Gathering together an incredible array of contributors from the past century of the Tavistock to cover all aspects of amazing work they do. With chapters from David Armstrong, James Astor, Andrew Balfour, Fred Balfour, Sara Barratt, David Bell, Sandy Bourne, Wesley Carr, Andrew Cooper, Gwyn Daniel, Dilys Daws, Domenico di Ceglie, Emilia Dowling, Andrew Elder, Caroline Garland, Peter Griffiths, Rob Hale, Sarah Helps, Beth Holgate, Juliet Hopkins, Marcus Johns, Sebastian Kraemer, James Krantz, Mary Lindsay, Julian Lousada, Louise Lyon, David Malan, Gillian Miles, Lisa Miller, Mary Morgan, Nell Nicholson, Anton Obholzer, Paul Pengelly, Maria Rhode, Margaret Rustin, Michael Rustin, Edward R. Shapiro, Valerie Sinason, Jenny Sprince, John Steiner, Jon Stokes, David Taylor, Judith Trowell, Margot Waddell, and Gianna Williams

The Tavistock Century traces the developmental path taken from the birth of a progressive and inspirational institution. From their wartime and post-war experience, John Rickman, Wilfred Bion, Eric Trist, Isabel Menzies, John Bowlby, Esther Bick, Michael Balint, and James Robertson left us a legacy of innovation based on intimate observation of human relatedness.

The book contains entries across the full range of disciplines in the lifecycle, extending, for example, from research to group relations, babies, adolescents, couples, even pantomime. It will be of enormous value to anyone working in the helping professions; clinicians, social workers, health visitors, GPs, teachers, as well as social science scholars and a host of others who are directly or indirectly in touch with the Tavistock wellspring.



Trade Review

'A book worth reading about a great history [...] This book has now made the history and significance of the Tavi, including the mythical side (e.g. “Operation Phoenix”, the new life from the ashes of the Second World War) much clearer to me.'

-- Thomas von Salis, Swiss Archives of Neurology, Psychiatry and Psychotherapy (translated)

There is much individual and collective wisdom between the lines of this thought-provoking collection, which charts the scope and evolution of the Tavistock’s pioneering and often controversial work, illustrates its influence on social policy, and tracks its innovative and often revelatory explorations of the human condition. For decades, the Tavistock’s work has helped shape how we see ourselves, as persons and as a society. Much thinking that has entered the mainstream emerged from its challenging, interdisciplinary research and practice, and this book shows stage by stage how a self-questioning approach generates new knowledge, and how theory can be humanely applied.

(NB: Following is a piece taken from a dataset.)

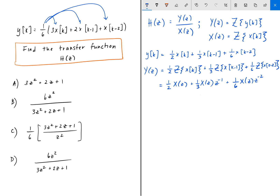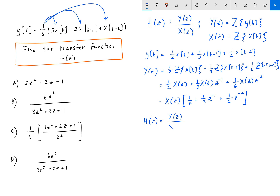Now we can easily factor out X(z), giving us X(z) times the quantity 1/2 plus 1/3 z to the minus 1 plus 1/6 z to the minus 2. And that is our transfer function H(z).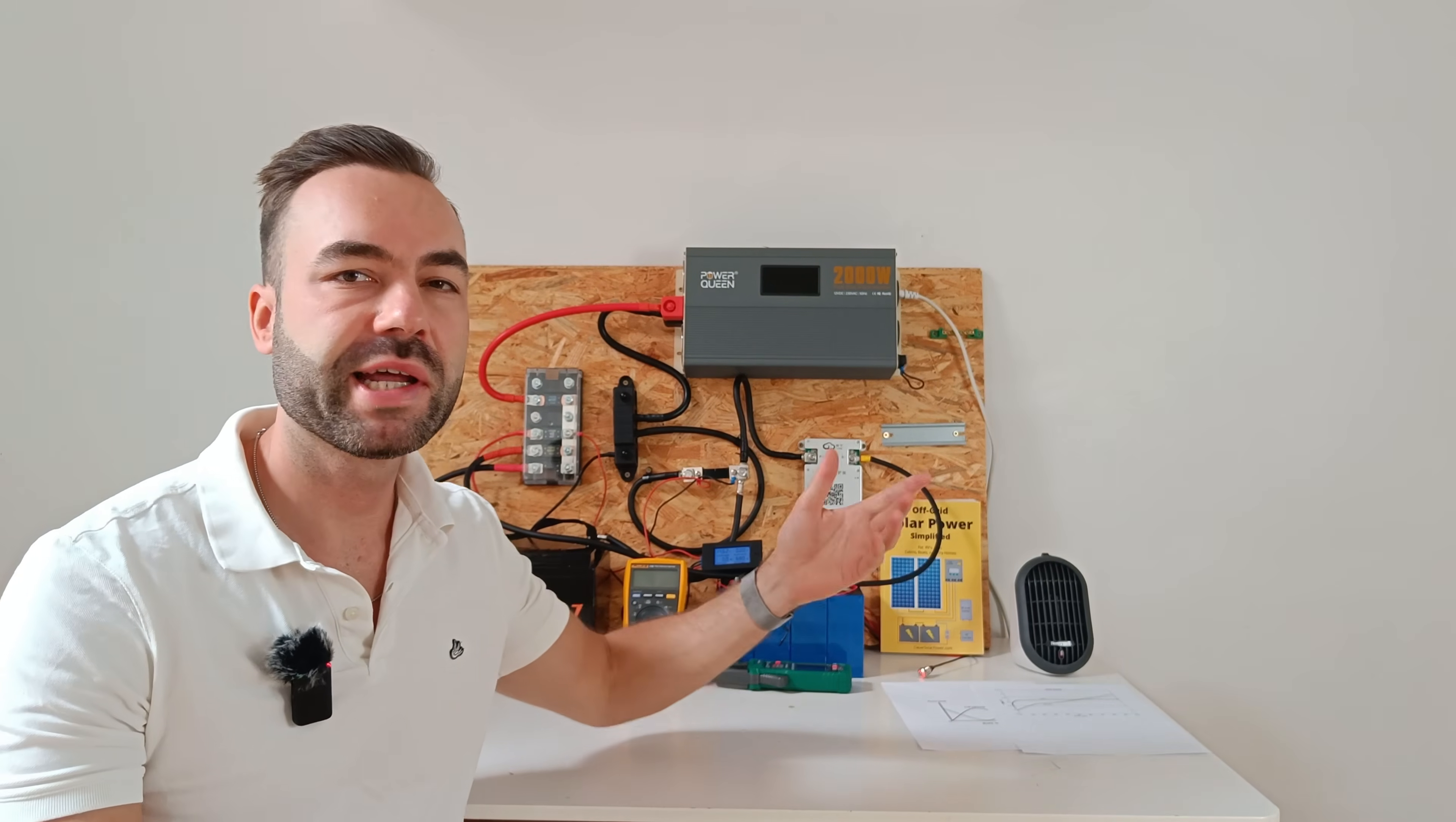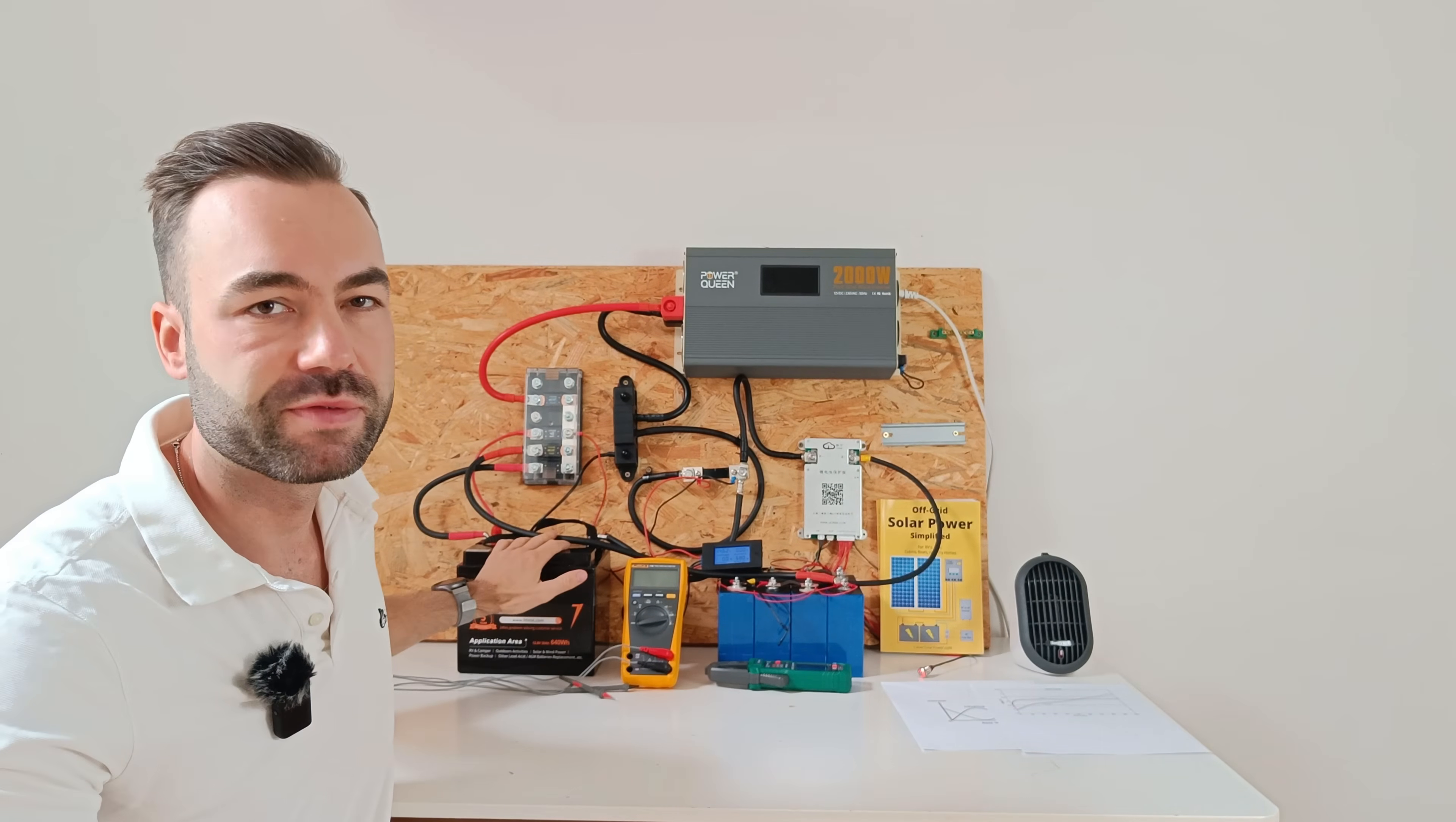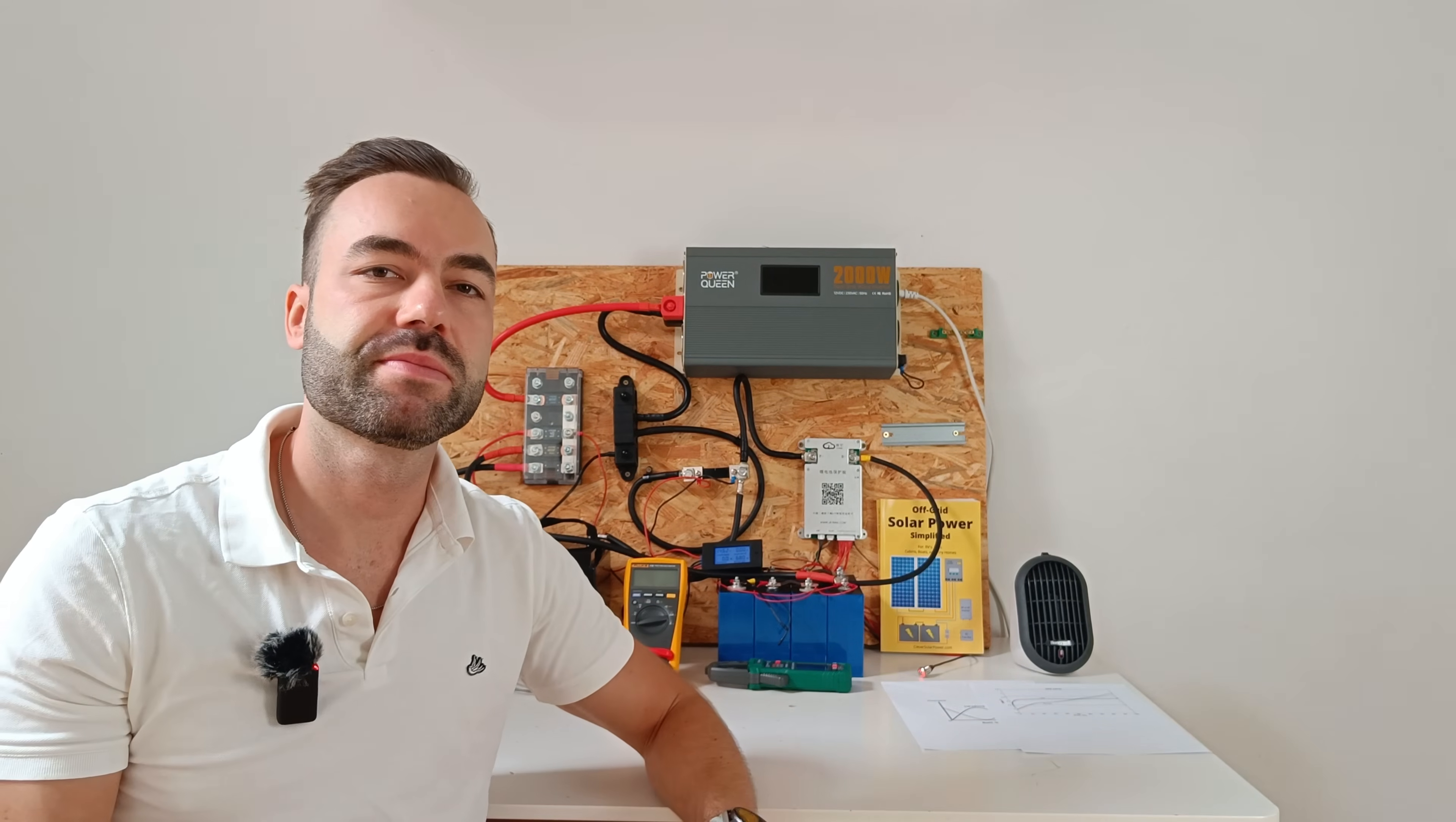What happens if you connect a sodium ion battery in parallel with a lithium iron phosphate battery? Is it possible and is it worth it?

-- Dame Hilary Mantel, Booker Prize winner, 2009 and 2012

Some institutions make their contribution not just by discharging duties or doing jobs, but by creating a culture. The impact of the Tavistock on our social assumptions, its impact on education, business, the understanding of the family, the life of the arts and, of course, therapy, demonstrates beyond any doubt that it has genuinely been a culturally defining presence. It has educated the listening and the noticing of generations; and in that sense has enlarged the personal and the social world for all of us. It is right that the hundred years of its remarkable life should be marked and celebrated in this welcome book.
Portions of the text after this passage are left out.